# I messed up and I'm not proud



## lovemylife26 (Mar 21, 2012)

I was talking to a friend of a friend over time and started to develop feelings for him. 
There is more to this but I'm such an idiot and guilt is getting the best of me. I haven't been able to eat.


----------



## tacoma (May 1, 2011)

Stop talking to him.

Right now.


----------



## lordmayhem (Feb 7, 2011)

You need to stop your affair. Do it now. I can see why you posted this thread a few days ago.

I know 2 wrongs don't make a right but

People who have had affairs because their WS had one will tell you it only makes the pain worse. Ask JoeKidd and Matt Matt


----------



## Vanguard (Jul 27, 2011)

Aren't you a betrayed spouse? 

You can stop right now. Please do so.


----------



## MattMatt (May 19, 2012)

You can get yourself out of this! We will support you!
_Posted via Mobile Device_


----------



## lovemylife26 (Mar 21, 2012)

Yes I'm a BS. 
I know. Thank you. 
I'm ashamed of myself and the rest of the story.


----------



## Vanguard (Jul 27, 2011)

lovemylife26 said:


> Yes I'm a BS.
> I know. Thank you.
> I'm ashamed of myself and the rest of the story.

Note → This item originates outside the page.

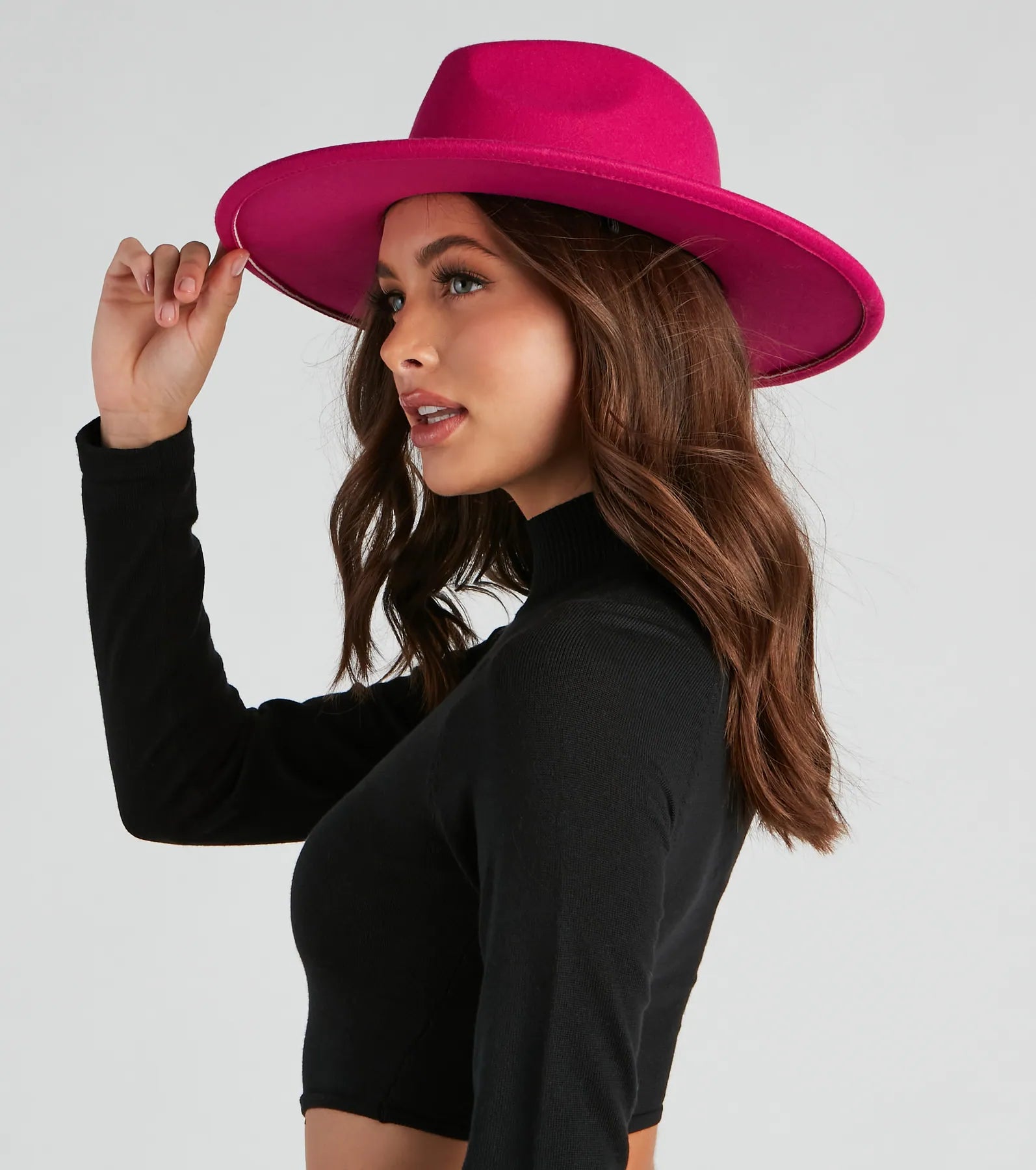 Girl's Trip Fedora Hat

I understand the lure of a new person. I know it well. But you undertand the pain of being betrayed, and you have to believe me-- you might not be able to forgive yourself if you go further into this. 

It doesn't sound like you've done anything wrong, but the climate seems pretty dangerous. Do whatever you need to do to stop this path you're on.


----------



## lovemylife26 (Mar 21, 2012)

one would think I did something wrong.


----------



## Vanguard (Jul 27, 2011)

Who is "one"? And what is it you have done? Your post says that you have begun to develop feelings for another man... is that the extent of it? Because if it is, it seems pretty tame to me.


----------



## lovemylife26 (Mar 21, 2012)

story is in PMS
vanguard, it depends on who knows the story. I'm one.


----------